The retention rate for new donors at non-profit organizations is extremely low. Recent surveys in the US have found that almost 70% of first-time donors don’t make another gift to the organization. The numbers are similar in other countries.
Many of these first-time donors give over the web, through direct mail, and as part of fundraising events, golf tournaments and other participatory fundraising events… and then, they are never heard from again. We’ve all heard how much easier it is to keep a donor than it is to find a new donor. So why aren’t most new donors to non-profits becoming lifelong givers?
Remember, these donors gave our organization money for a reason. Usually, that reason was either because they believed strongly in our mission or they knew someone who supported the non-profit and who asked them to give (perhaps by coming to an event or participating in an online fundraising campaign). Once a new donor gives, it’s up to the non-profit to turn that minimal relationship into a true long term affiliation. Here’s how.
Treat New Donors like New Customers
The smartest and most successful businesses treat new customers like gold. They know that these people represent the company’s best prospects for future business. So they send out surveys to see how the purchasing process went. They send the customer newsletters, coupons and updates. When the time comes, they call or send direct mail to try to sell new products or upgrades to the consumer.
How is your non-profit treating new donors? If you’re like most organizations, you love it when a new donor makes a gift. If that gift is a small or averaged sized gift, you deposit the check, enter it into your database, send a thank you letter, and add the person to your mailing list. And that’s it.
If, on the other hand, it is a new major donor, you go all out. You call the person or company to thank them for their gift. You try to find out what made them give. You ask about setting up a meeting.

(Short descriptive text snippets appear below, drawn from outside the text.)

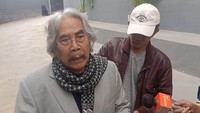 Jaja Miharja mengatakan sudah kurang lebih sebulanan gak pakai kursi roda lagi. Ya sudah enak nih, sekarang sudah bisa jalan biasa. Biasanya kan pakai kursi roda, ujarnya saat ditemui di Studio Trans7, Warung Buncit, Jakarta Selatan, Senin (19/1/2026). (Foto: Muhammad Ahsan Nurrijal)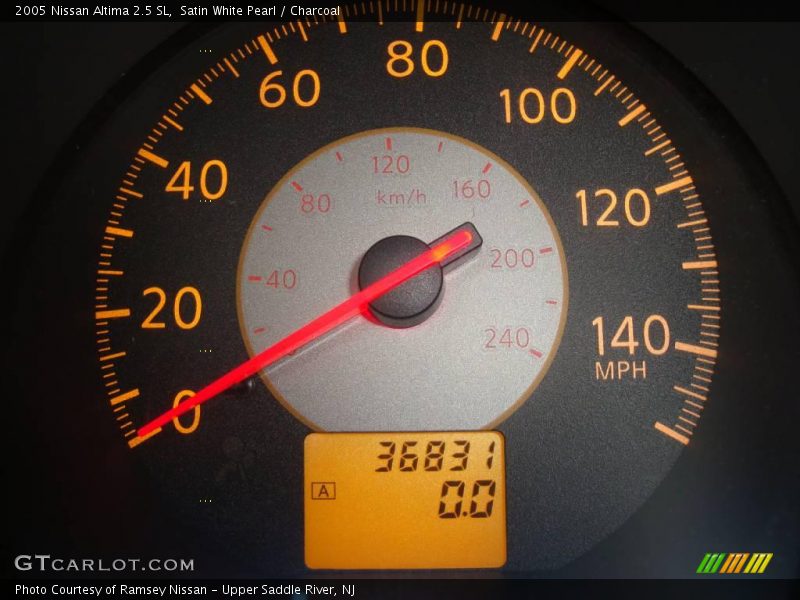 Satin White Pearl / Charcoal 2005 Nissan Altima 2.5 SL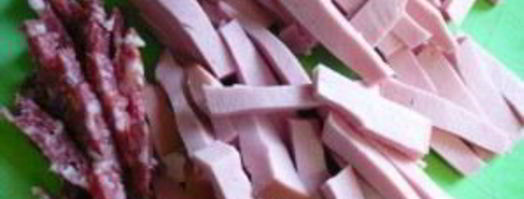 грибы, жаренные с колбасой. Шаг 5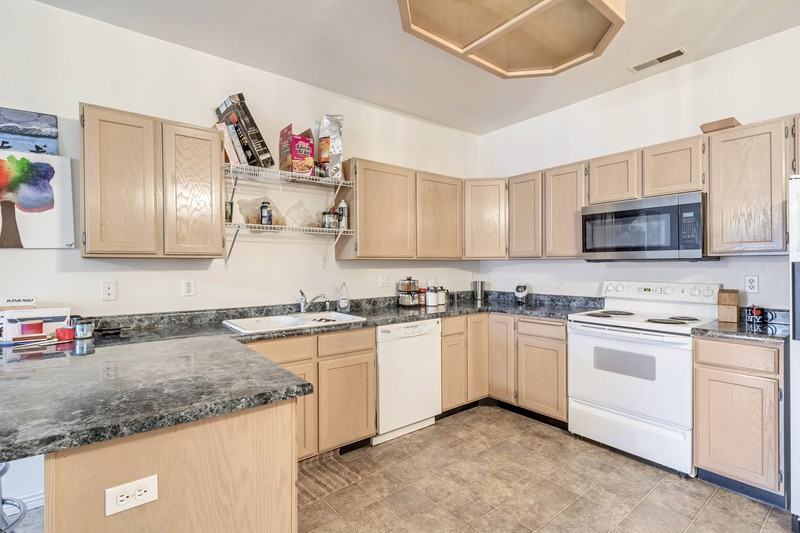 392 N Seven Peaks Blvd #323MD - Photo 3 of 13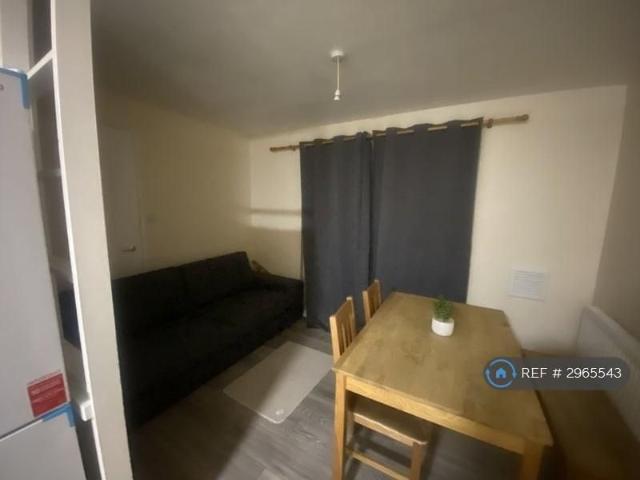 Room for rent in North End, Greater London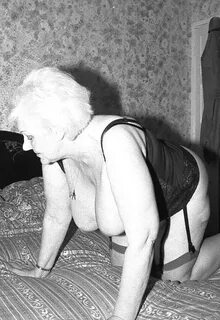 Vintage Granny shows us her big boobs - 12 photos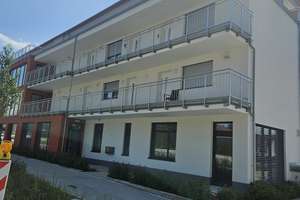 ​Neubau-Komfort (Bj. 2022): Barrierefreie 66 m² Seniorenwohnung (ab 58 J.) mit EBK, 
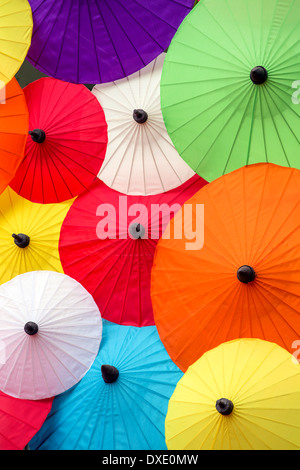 Bunte Thai traditionelle handgefertigte Schirme Hintergrund Stockfoto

Maybe your board chair mails over a copy of the annual report with a note about grabbing lunch. In short, you try to wow the donor and build a relationship.

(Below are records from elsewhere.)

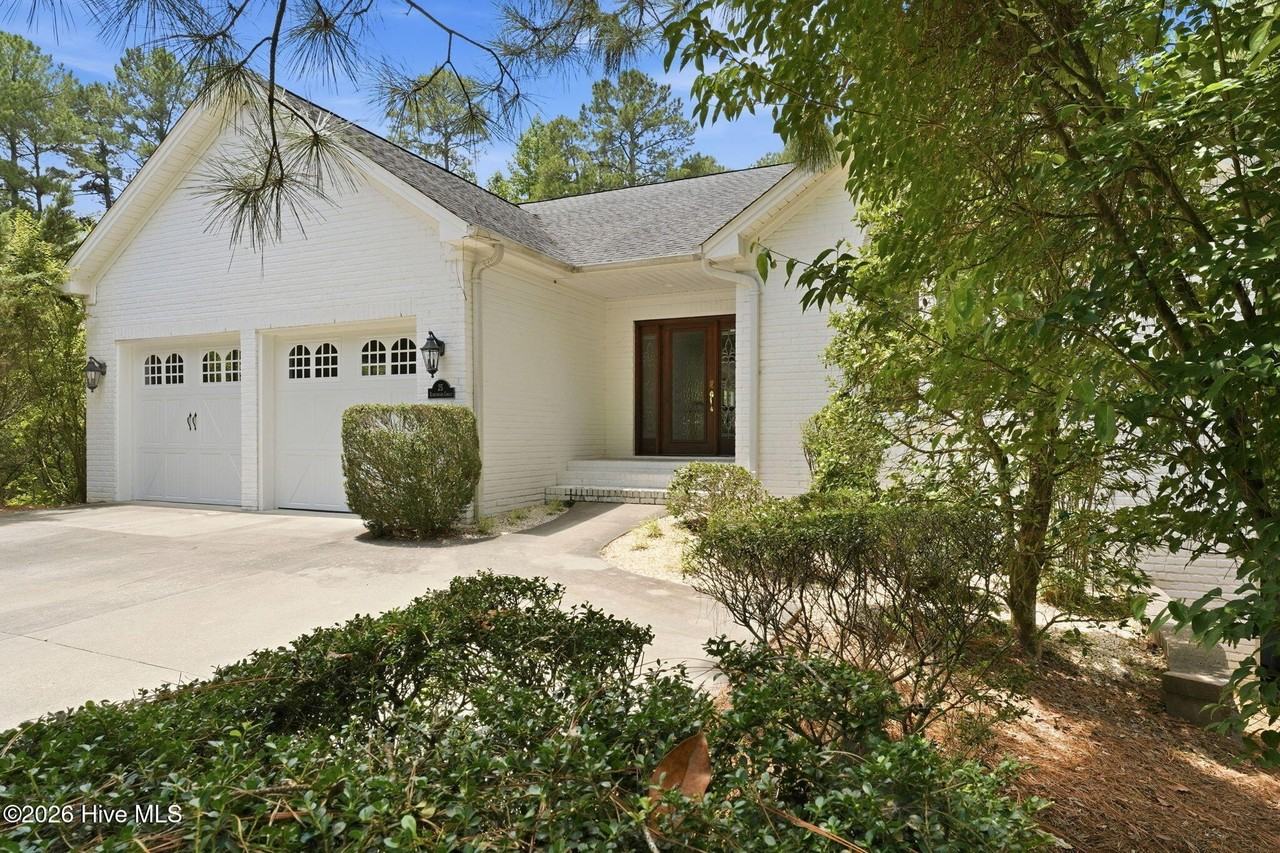 25 Kingswood Cir - Photo 2 of 50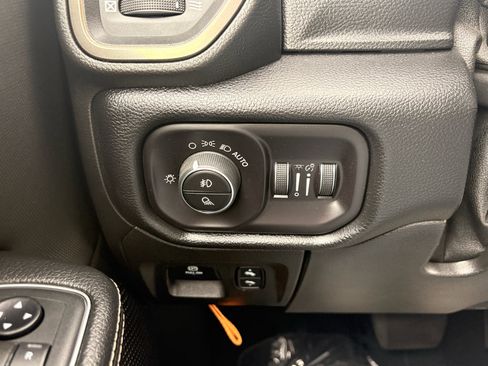 Used 2019 RAM 1500 Sport w/ Advanced Safety Group AWD/4WD image 15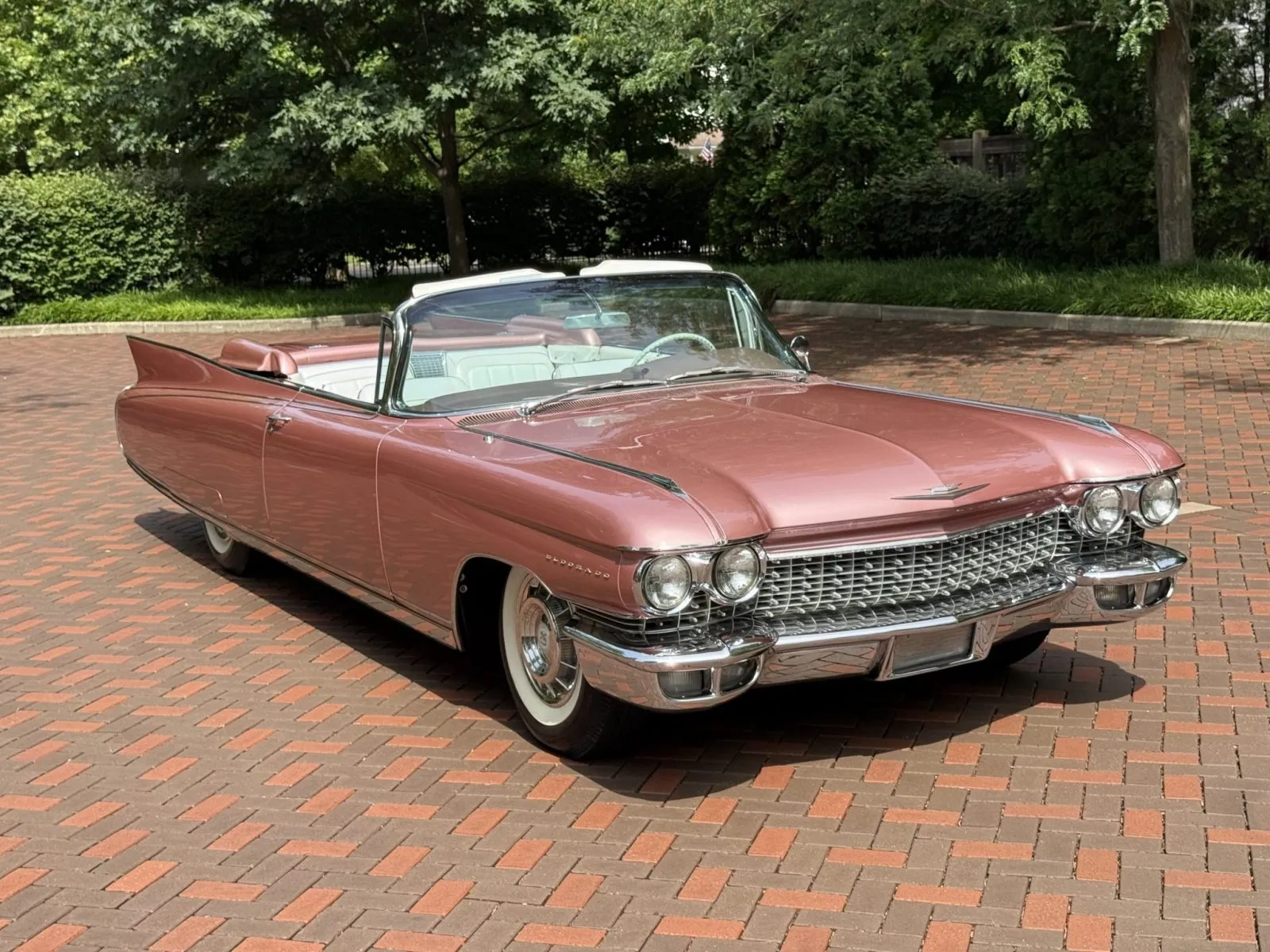 Cadillac Biarritz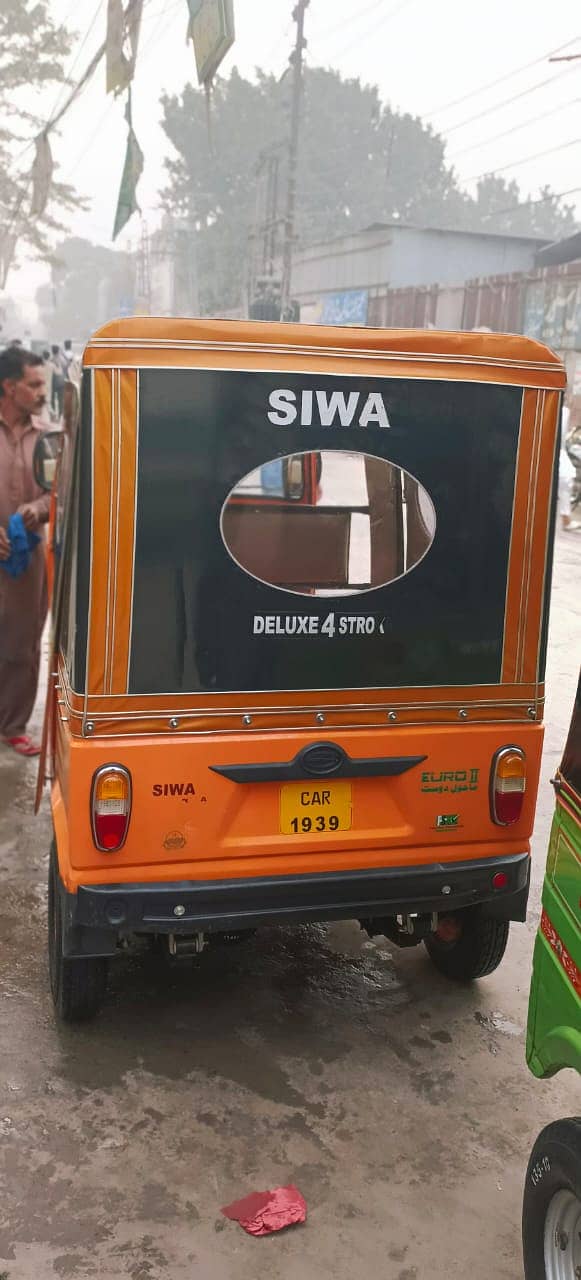 2024 Model Auto Rickshaw – New Condition, Only 4000 km Driven! 2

To keep your small and mid-sized new donors giving, you have to treat them the same way. Many new donors at the $100 level could become $1,000 or $5,000 annual donors if they got serious about giving to your organization. Call them. Invite them to non-ask events. Build a relationship.

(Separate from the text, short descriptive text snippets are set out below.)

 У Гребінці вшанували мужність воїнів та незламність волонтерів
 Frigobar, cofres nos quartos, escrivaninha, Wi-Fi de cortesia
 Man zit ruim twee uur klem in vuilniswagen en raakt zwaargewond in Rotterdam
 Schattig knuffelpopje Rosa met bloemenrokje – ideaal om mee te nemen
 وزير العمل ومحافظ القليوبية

Put Donor Systems in Place
Of course, you won’t be able to spend as much time per donor personally contacting $50 donors as you can spend on $50,000 donors, so systemize the process for small and mid-level donors. Use group meetings and lunches. Send out newsletters targeted at new donors. Seek opportunities to upgrade your lower level donors.
When you get a donation from a new donor, don’t think, “Oh, nice, a $100 check. That was unexpected!” Instead, think, “Great! A $100 check. This person is one of the best prospects we have for a larger gift. What can we do to build a better relationship with them?” Ideally, you’ll have a couple of different donor cultivation systems in place that you can drop the prospect into that will help you automate the follow-up process.
Your current donors represent your best prospects for future gifts. New donors represent a huge opportunity for your organization. With focus and determination, you can see new donors for what they truly are: potential lifetime givers to your organization.